The Halo franchise has carried the Xbox platforms on its back since both debuted in 2001 to a questioning gaming community. The expectations aren’t much different for Halo 5 and the Xbox One 14 years later, as a Bloomberg piece published Thursday asks if the shooter can save the console. Sales aside, the interesting parts of the article is how 343 Industries boss Bonnie Ross approached taking on the franchise and how it relates to Star Wars and its creator, George Lucas.
Ross took over the Halo franchise in 2009 as the General Manager following Bungie’s split from Microsoft to develop Destiny on its own, and left Halo in search of a new development studio. This eventually turned into 343 Industries, which had to be built from scratch after nearly every developer from Bungie left. A few key people stayed, however, including Halo Franchise Director Frank O’Connor, who was impressed with Ross’ knowledge of the shooter.
“Bonnie came in and really surprised everyone,” he says, “because she’d read all the novels, she was deeply immersed in the fiction, and she’d played all the games.”
Some of Ross’ colleagues questioned the move to take over Halo as they felt the franchise had run its course. She had a different perspective of how to turn it around and keep it alive, however.
“People felt like, Let’s get another Halo or two out, and it’s the end of the franchise,” Ross says. “The thing I asked for was: If I take it over, I want to be George Lucas. I want to own everything, and I want to do things differently.”
That’s possibly not the most apt comparison, since the Star Wars prequel films were largely derided by the fan base. Still, she is correct in how Lucas ran his blockbuster science fiction franchise. He had his hands in the development of every toy and ancillary consumer product created based on the fight between the Rebels and the Empire. He also did it while retaining ownership and control over everything.
The same method can already be seen with the Halo brand name. 343 Industries has taken the initial universe building done under Bungie and expanded it even further over the last six years with novels, comic books, and live-action series. Some of it has been for the better, such as the Forward Unto Dawn live-action series leading into Halo 4, while some of it was of questionable quality, like the Nightfall series that introduced Jameson Locke for Halo 5.
The challenge for Ross and the rest of 343 Industries is keeping all of the lore in line to the point that the Halo game can stand on its own feet. The Forerunner Trilogy of novels by Greg Bear went into deep detail behind the species and the Didact, in particular. However, fans that did not read the novels were largely confused with the introduction of the Didact as the villain of Halo 4.
Still, Ross is well aware that they have a brand in Halo, with the potential to carry further if treated correctly.
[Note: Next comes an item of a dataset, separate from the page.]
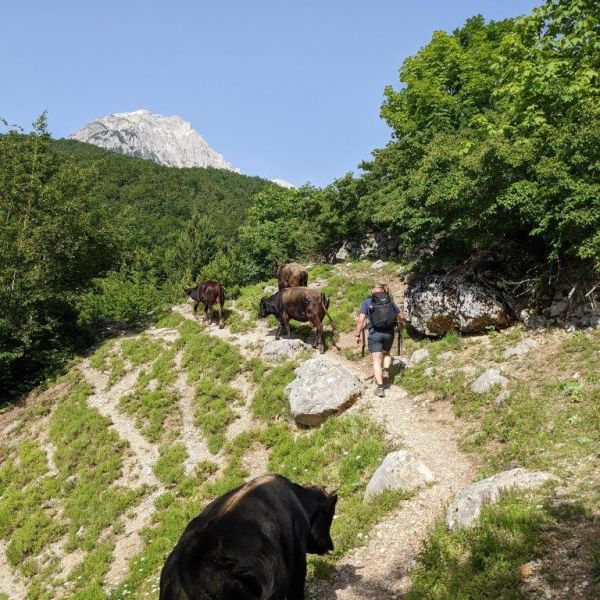 Bergwandern in den Albanischen Alpen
The potential is there for the same reason Star Wars still carries weight 30 years after its last release — because parents share the experience with their kids.
“For those of us that are a little bit older, we saw Star Wars and stood in line the first time around,” she says. “We are seeing the same thing with Halo, where a lot of dads and parents that started playing when they were 20 or 30 now have kids that are coming in through our, you know, Mega Bloks line.”